Aim of the task
In the listing below, start your output at the line with "Triangle TH201 245/40 R19" and end it after the line with "Foto d62a97a3-a2cb-417f-a2c0-322edeedb6e5. Casa", copying every line exactly.

Listed records
::::

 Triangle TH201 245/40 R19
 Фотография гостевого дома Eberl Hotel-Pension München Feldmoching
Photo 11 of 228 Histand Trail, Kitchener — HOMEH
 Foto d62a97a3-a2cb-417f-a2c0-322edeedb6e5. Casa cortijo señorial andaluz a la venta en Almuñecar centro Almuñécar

::::

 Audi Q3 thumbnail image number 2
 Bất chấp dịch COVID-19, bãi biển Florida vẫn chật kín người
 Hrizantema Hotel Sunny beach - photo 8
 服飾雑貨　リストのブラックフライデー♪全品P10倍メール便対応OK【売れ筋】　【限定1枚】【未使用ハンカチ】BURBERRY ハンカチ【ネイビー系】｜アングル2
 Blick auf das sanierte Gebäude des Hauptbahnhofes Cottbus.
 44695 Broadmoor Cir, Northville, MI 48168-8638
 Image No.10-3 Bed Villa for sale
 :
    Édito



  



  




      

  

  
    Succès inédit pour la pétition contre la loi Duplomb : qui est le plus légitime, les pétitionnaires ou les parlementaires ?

::::

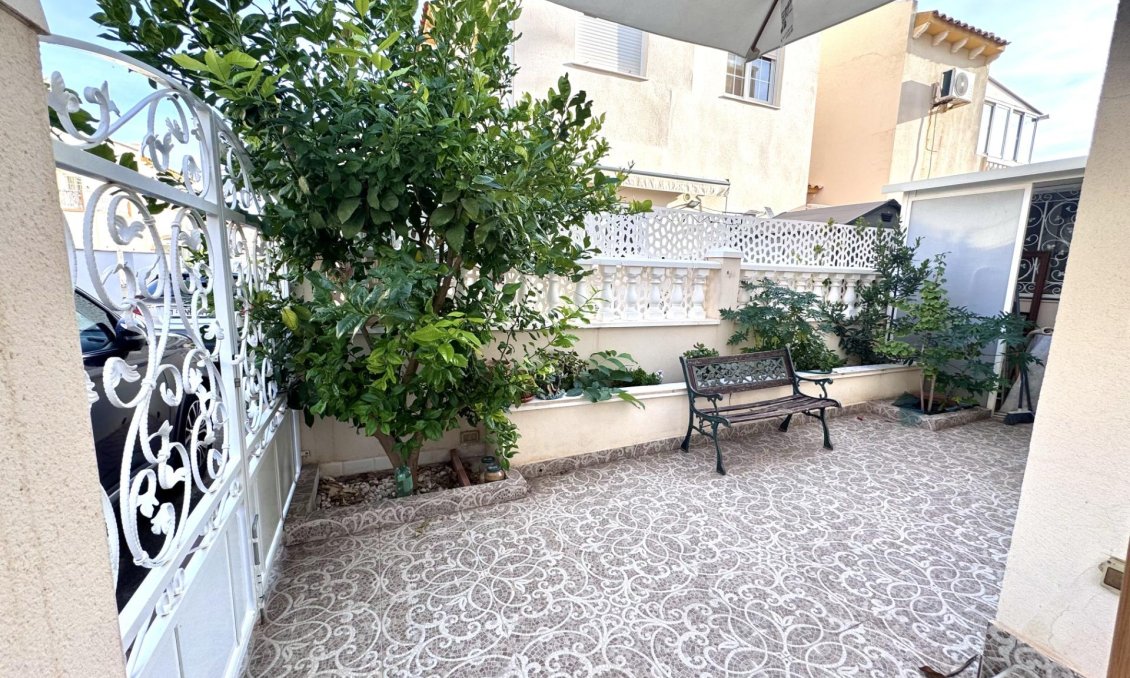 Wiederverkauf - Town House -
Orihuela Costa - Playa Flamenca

::::

Task answer
 Triangle TH201 245/40 R19
 Фотография гостевого дома Eberl Hotel-Pension München Feldmoching
Photo 11 of 228 Histand Trail, Kitchener — HOMEH
 Foto d62a97a3-a2cb-417f-a2c0-322edeedb6e5. Casa cortijo señorial andaluz a la venta en Almuñecar centro Almuñécar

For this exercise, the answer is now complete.